Dans le nid d’un Pulitzer :
entretien avec Hernán Diaz
par Steven Sampson30 août 2023
Trust, de Hernán Diaz, vient d’être traduit en français. Lauréat du prix Pulitzer 2023, c’est le deuxième succès pour l’auteur, dont le premier roman (Au loin, traduit par Christine Barbaste, La Croisée, 2018) fut finaliste pour le même prix. Né en Argentine et éditeur à l’université de Columbia du journal Revista Hispanica Moderna, il est spécialiste de Borges. Son nouveau roman, quatre « documents » écrits par quatre personnages, s’inscrit dans le sillage du maître. EaN a pu s’entretenir avec l’auteur anglophone lors de son passage à Paris, où il a évoqué sa vision de la littérature américaine, sa dette envers Borges et son amour de la langue anglaise.
Hernán Diaz | Trust. Trad. de l’anglais (États-Unis) par Nicholas Richard. L’Olivier, 400 p., 23,50 €
La structure de Trust est biscornue.
Il se divise en quatre « documents » rédigés par quatre auteurs fictifs dans quatre genres divers à quatre moments distincts de l’Histoire. Le premier est une fiction de quelque cent soixante pages, écrite dans un registre un brin décadent à la Henry James ou à la Edith Wharton. Ce roman dans le roman raconte l’ascension de l’un des plus riches couples sur terre, leur relation, les pratiques commerciales du mari. Il se clôt de manière problématique. Ensuite, on change de vitesse et on est confronté à une mémoire fragmentaire, il s’agit d’un document historique écrit par un grand financier, au fur et à mesure de la lecture on comprend que c’est l’homme « réel » derrière la fiction de la première partie. Mécontent de son portrait, il cherche à remettre les pendules à l’heure. Ces deux premiers volets datent des années 1930. Le troisième document est le plus long, il s’intitule Un Mémoire, Remémoré, écrit par Ida Partenza, devenue la grande dame des lettres américaines à New York dans les années 1980. Elle se remémore sa vie, jeune elle avait été la secrétaire de l’auteur du deuxième document ; la structure en poupées russes de mon livre commence à prendre forme. Ida fait des recherches d’archives : les papiers privés du financier et de son épouse ont récemment été ouverts au public. Là-dedans, elle tombe sur le journal intime de l’épouse, qui sera la quatrième partie de mon roman. Mon objectif, c’est d’encourager le lecteur à réfléchir sur l’articulation de ces sections.

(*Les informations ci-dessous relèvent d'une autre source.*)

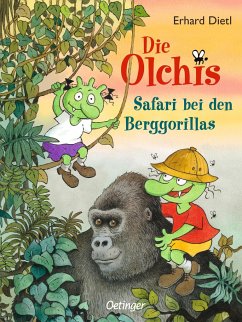 Safari bei den Berggorillas / Die Olchis-Kinderroman Bd.8 - Dietl, Erhard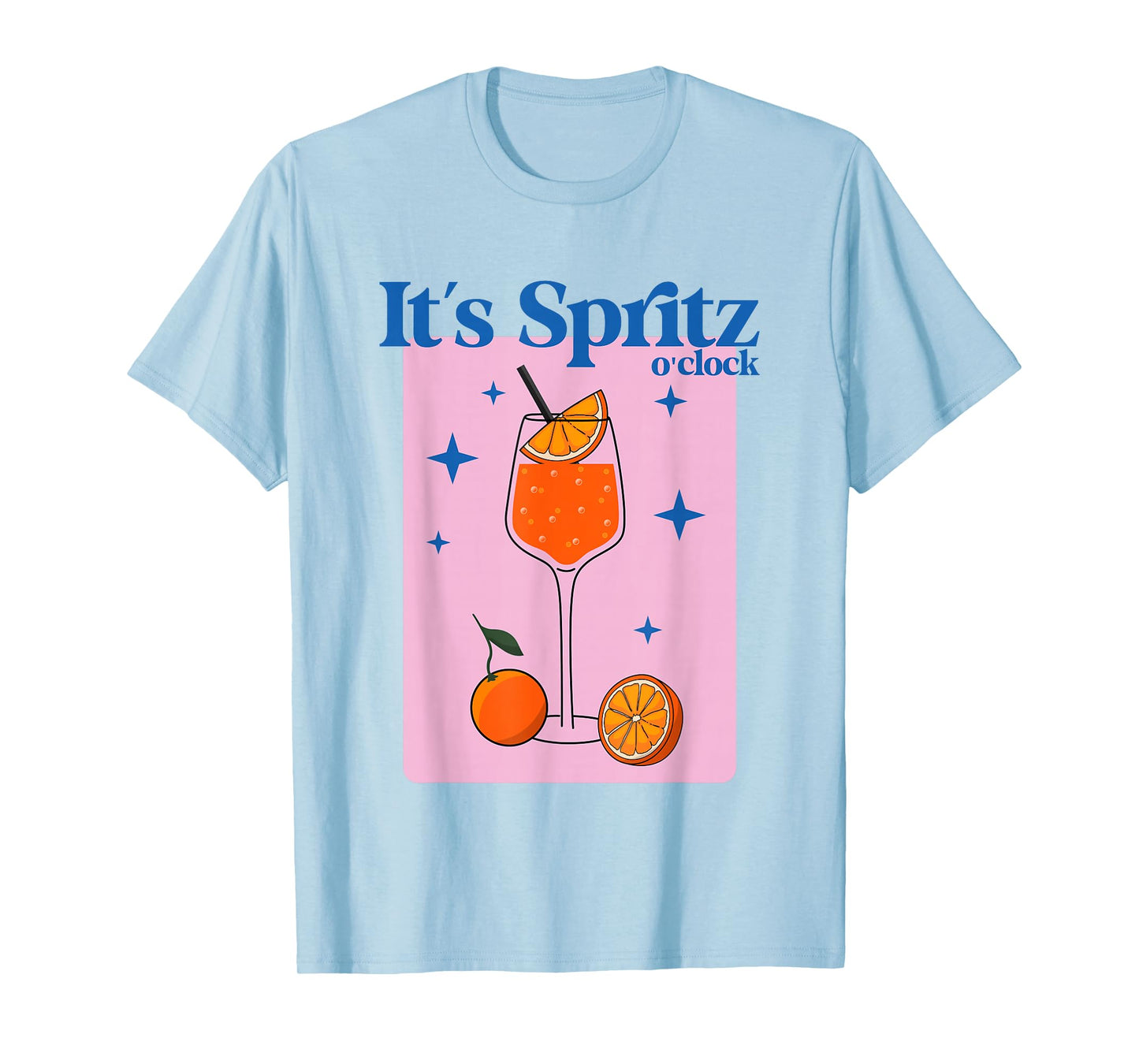 IT'S SPRITZ O CLOCK – HALLHOLES APEROILS - SPRITZ STARS T-Shirt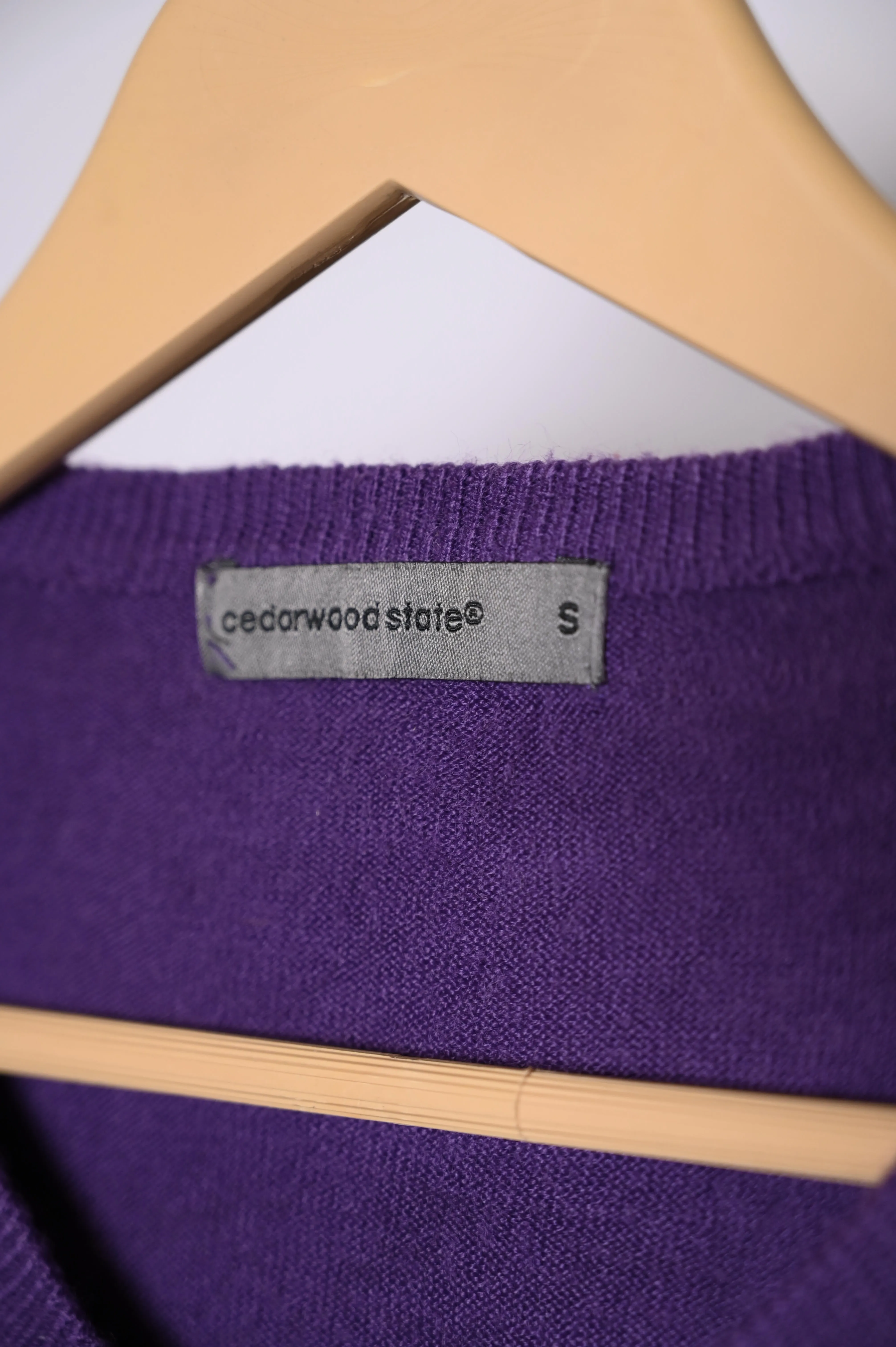 Cedarwood State Purple Sweatshirt - Medium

Pourrait-on considérer ce texte comme « postmoderne » ?
On applique ce terme à une certaine catégorie de fiction américaine, à partir d’auteurs comme John Barth, Thomas Pynchon et peut-être Don DeLillo, une école qui va jusqu’à David Foster Wallace, lequel marque peut-être sa fin. Je récuse les implications téléologiques d’une telle étiquette, l’idée qu’il existe un vecteur historique ainsi qu’une évolution. De plus, je considère ce terme comme paresseux, dans la mesure où il se réfère à une littérature qui abonde en références à la tradition et à d’autres romans, et qui entre en conversation avec d’autres écrivains, en s’en faisant l’écho à travers des citations et des références. Chose que la littérature a toujours faite. Même si cette étiquette était pertinente, ce qui n’est pas le cas, son moment historique est passé depuis quelques décennies.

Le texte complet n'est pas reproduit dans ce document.